Her book is a collection of essays. Biss said each essay “was really its own project, and for most of the time I was writing this book, I didn’t have the sense that I was writing a book.” Looking back, however, she could see that there are similarities between the essays, although they all had a slightly different course. Personal experience and research are commonalities in all of Biss’ essays. “The impetus for many of the essays came from something that had happened to me or something that I had heard,” she said. She added that a number of them came from questions that she was puzzling over.
As Biss approached the end of an essay, she found intense satisfaction. But getting there can be overwhelming, as it is for all writers. Biss noted, “The process of writing can be so fraught and difficult, and it’s not like I’m having fun. But on a deeper level, I enjoy it. I love it.”
She singled out the title essay, “No Man’s Land,” as a particularly satisfying piece because she lived in the place that she was writing about. “What I was learning about in that essay, I could directly apply, and the lessons that it was teaching me were lessons I could really apply to the life that I was living,” she said. On the other hand, the essay “Time and Distance Overcome” was extremely hard to write because of the emotionally strenuous topic of lynching. Although the writing process went relatively quickly, spending time with that material, she said, was tough.
For writers dealing with the trouble of writing a first sentence, Biss offers some insight. She combats this hindrance by just trying to get something on the page. “I promise myself that whatever hits the page first doesn’t have to stay there,” she said. “Sometimes I’m really writing the middle of the essay, and I hope that by writing, some idea will be generated for the opening.” In addition, she finds that the first and last paragraphs are often not needed. “It’s kind of vestigial—I don’t need it. The first paragraph is a warm-up, and the last is a cool-down.”

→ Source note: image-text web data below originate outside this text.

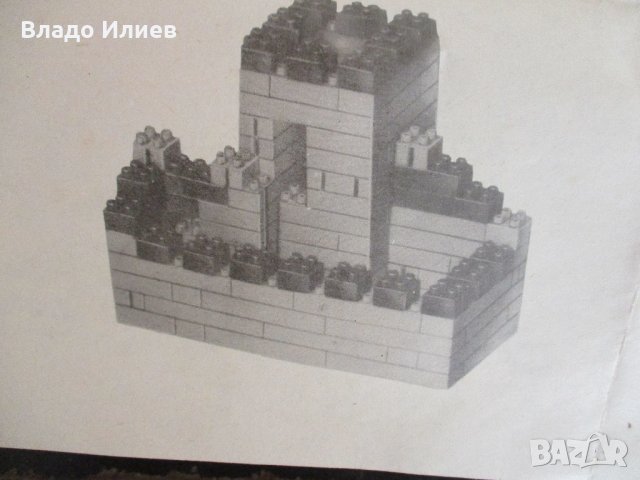 Строителница -конструктор за деца нова, снимка 10 - Конструктори - 29870595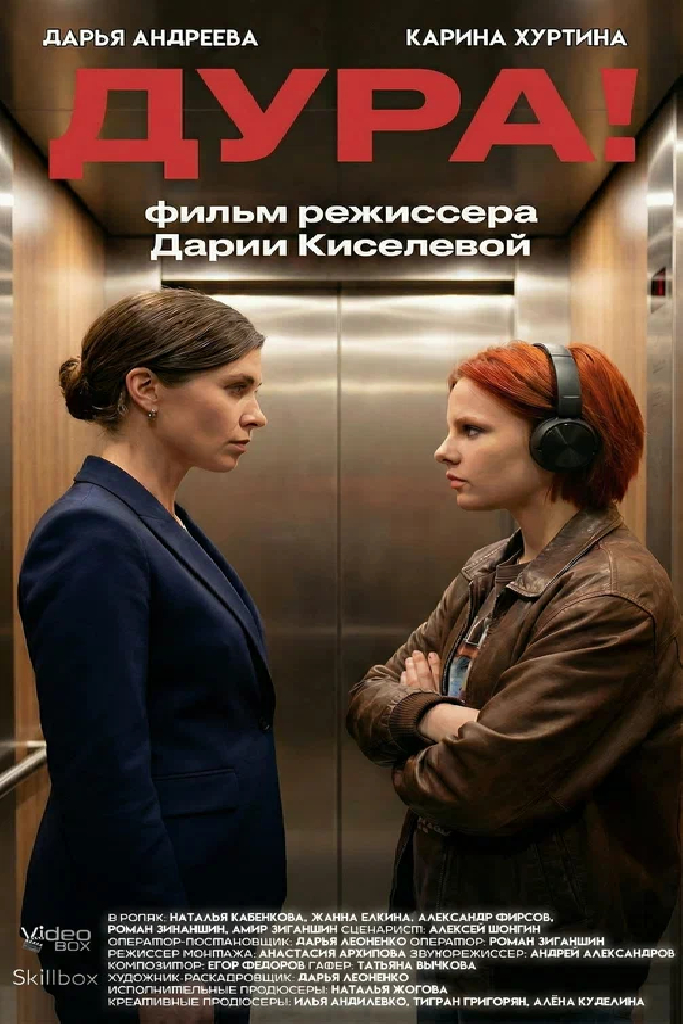 Дура!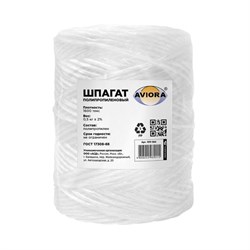 Шпагат ПП 1600 текс, бобина 0,5 кг, AVIORA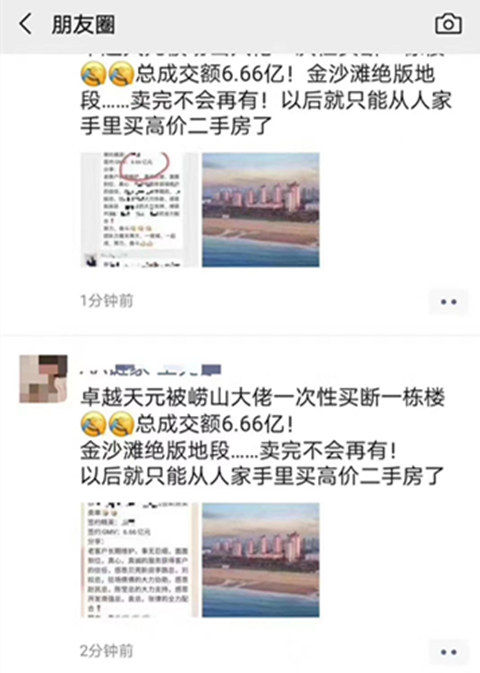 6.66一青岛人6.66亿买下金沙滩一栋楼 业内推算中介佣金上千万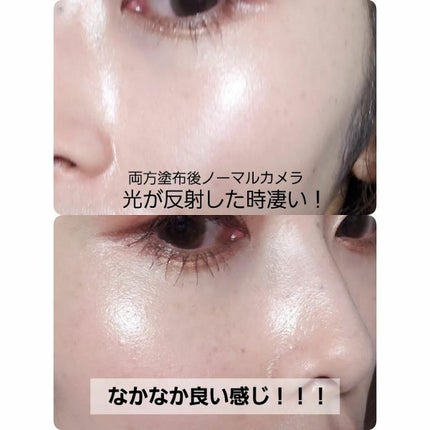 フローレス ルミエール ラディアンス パーフェクティング トーンアップ クッション/ローラ メルシエ/クッションファンデーションを使ったクチコミ(5枚目)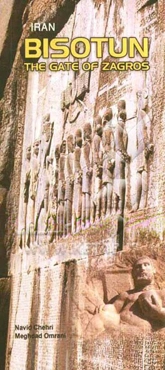 Bisotun the gate of Zagros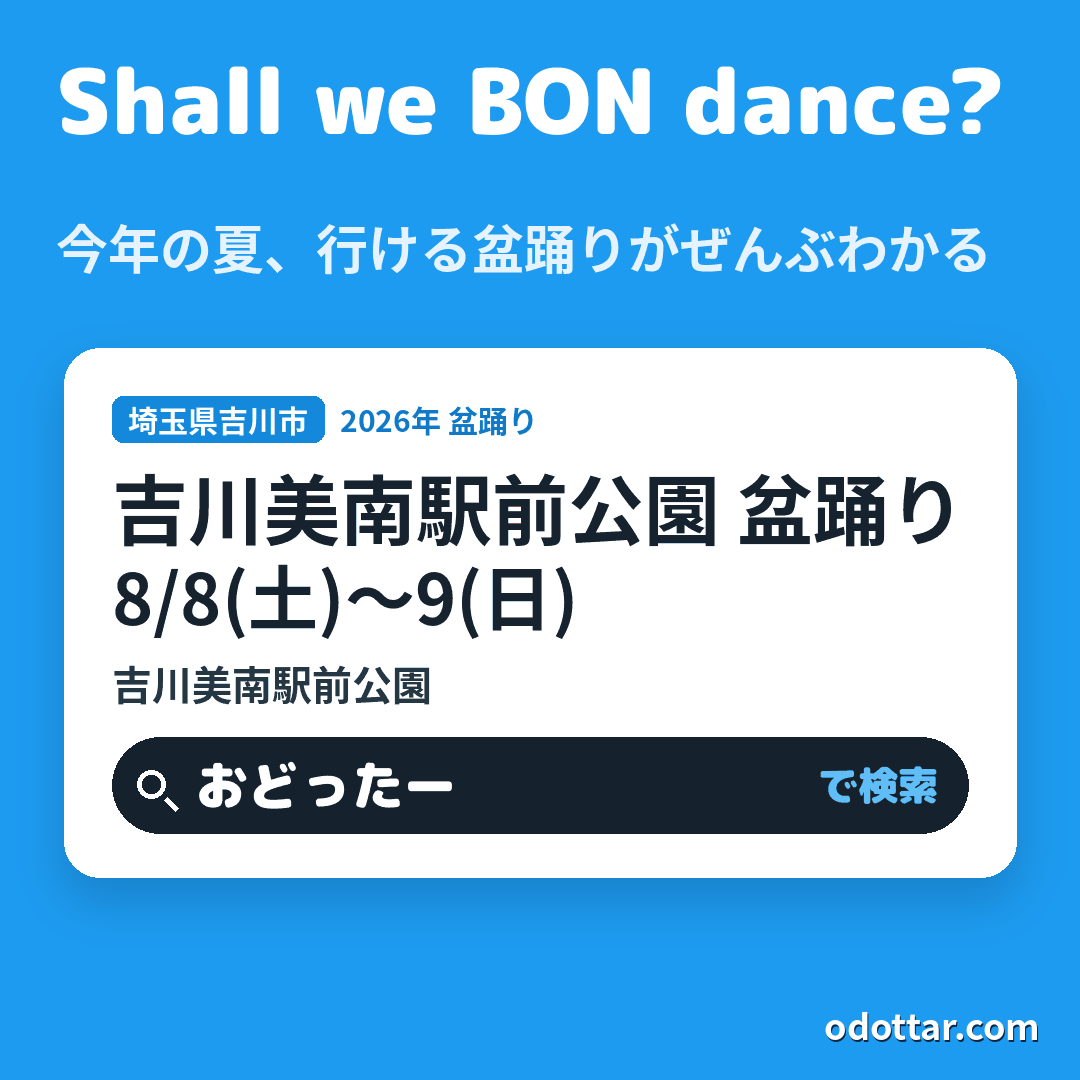 吉川美南駅前公園 盆踊り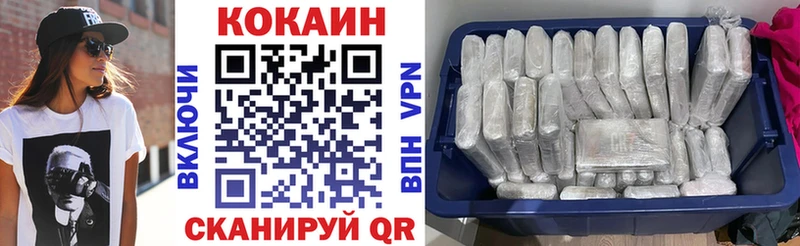 наркотики  Берёзовка  kraken маркетплейс  COCAIN 99% 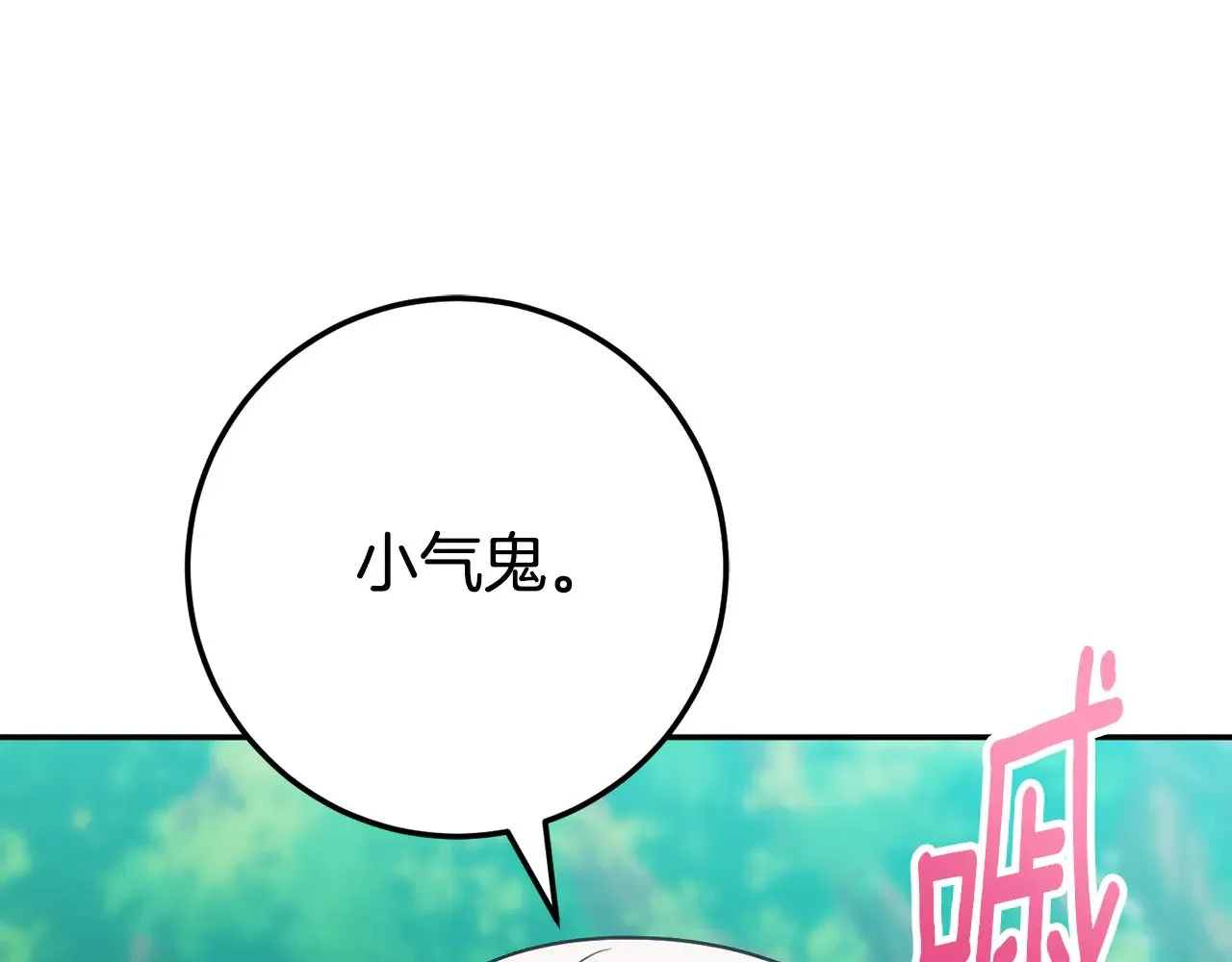 第122话 我可以！63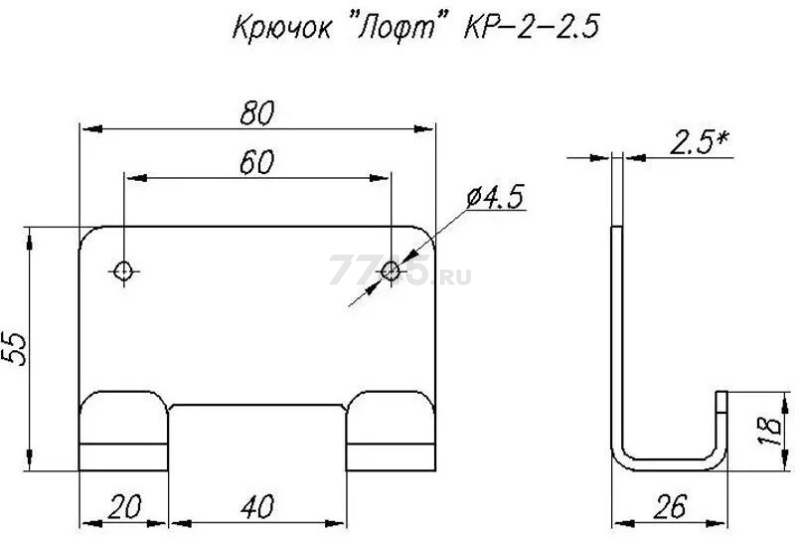 Крючок для одежды STARFIX Лофт Кр-2 черный матовый (SMP-76245-1) - Фото 2
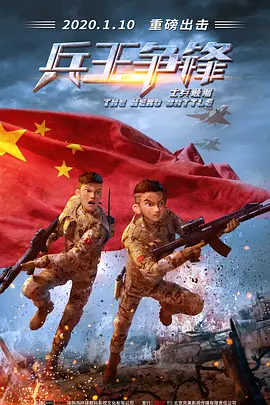 来自美国、俄罗斯、西班牙和拉脱维亚等国的游客以及在四川学习的外国留学生通过现场观影、文化体验、古迹探访等 总台“海外千屏”助力“跟着电影游中国”海外推广 2026-02-06 2月4日，由国家电影局、中央广播电视总台主办的“跟着电影游中国”活动2026春节档特别推介在广东省深圳市举行。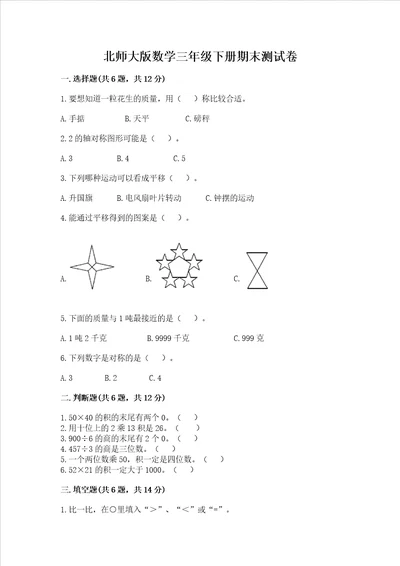 北师大版数学三年级下册期末测试卷含答案【典型题】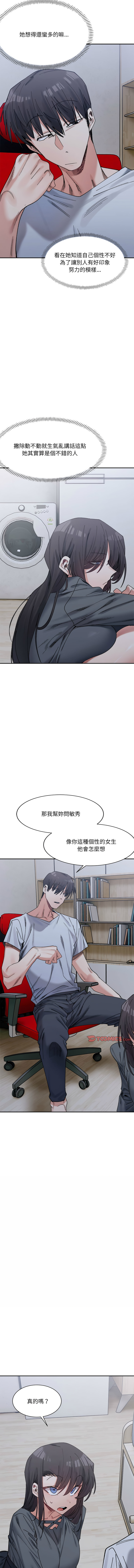 [Anhi & UREC] 微妙关系 | 超微妙关系 | 微妙關係 | 超微妙關係 1-41 [Chinese] [Ongoing] - Page 361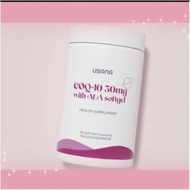 Usana CoQuinone Q10 Ready Stocks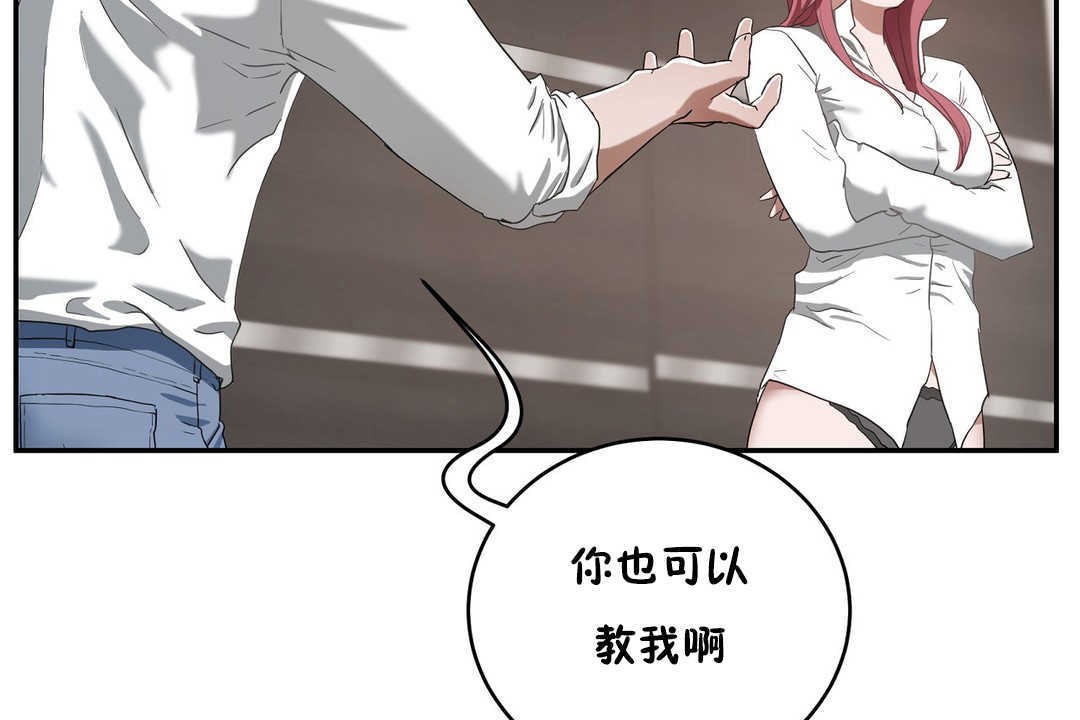 《性教育》漫画 第14話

Outside of writing, Biss is able to enjoy some free time, although she’s a working mother. She spends time outside and loves to swim, especially in Lake Michigan. Recently, her father brought her an unused, small kayak from his garage. Her vision is for her 4-year-old son to learn to paddle the kayak while she swims alongside him. She’s also looking forward to returning home to Chicago and testing the waters. Though she’s done a little Internet research to see that other 4-year-old children can kayak and believes it’s entirely plausible, she does realize the plan may not work: “I may be pushing it because he’s only 4 1/2!”